Ao assumir o governo, em novembro de 1930, Getúlio queria retomar – e retomou – o tema de seu
discurso de 1906, quando, jovem estudante, saudou o Presidente eleito Afonso Pena, em visita a Porto
Alegre e disse, em nome de seus colegas:
- Vós sois o representante de uma revolução pacífica que mudou os rumos da política nacional. Vós sois
uma reivindicação popular.
Getúlio falava de improviso, mas com tal segurança que contemporâneos da Faculdade de Direito,
estando a seu lado, tinham a impressão de ouvir a leitura de um discurso escrito e longamente meditado.
Ele não quer homenagear Afonso Pena senão na medida do necessário para dizer o que esperam dele e
de seu próximo governo esses jovens de vinte anos que o saúdam.

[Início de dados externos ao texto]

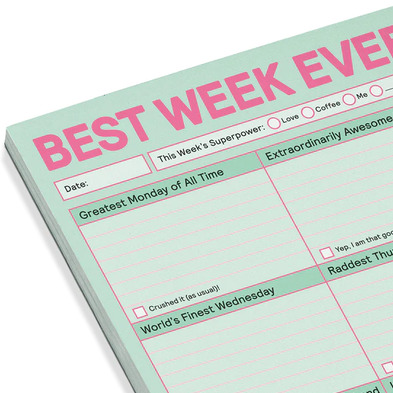 Bild av färgglatt planeringsblock för veckostruktur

- Apesar de todas as grandes manifestações de solidariedade patriótica – diz Getúlio – o Brasil ainda
não atingiu o ponto de fusão que caracteriza a formação definitiva de uma personalidade... Mas nós, os
juízes de amanhã, nós temos confiança na grandeza da Pátria futura...

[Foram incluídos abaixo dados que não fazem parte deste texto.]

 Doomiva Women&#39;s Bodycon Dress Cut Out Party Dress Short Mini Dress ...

- Quantas causas de estagnação pesam sobre um país novo... Amarga resultante para quem se vê
coacto a comprar, manufaturados no estrangeiro, os gêneros da própria matéria prima que exporta! 1
Isso que Getúlio vê em 1906, pelos sintomas ou pelos efeitos, é o quadro econômico contra o qual ele
vai lutar pelo próximo meio século, pelos 48 anos que ainda viverá. Como tantos outros países periféricos,
o Brasil era exportador de matérias-primas e importador de produtos manufaturados. Nesse momento, o
minério de ferro do Brasil impressiona os técnicos das indústrias siderúrgicas da Europa e dos Estados
Unidos, mas o Brasil importa até enxadas e machados – e o regime tarifário e cambial fechara pequenas
fundições nacionais que produziam essas ferramentas.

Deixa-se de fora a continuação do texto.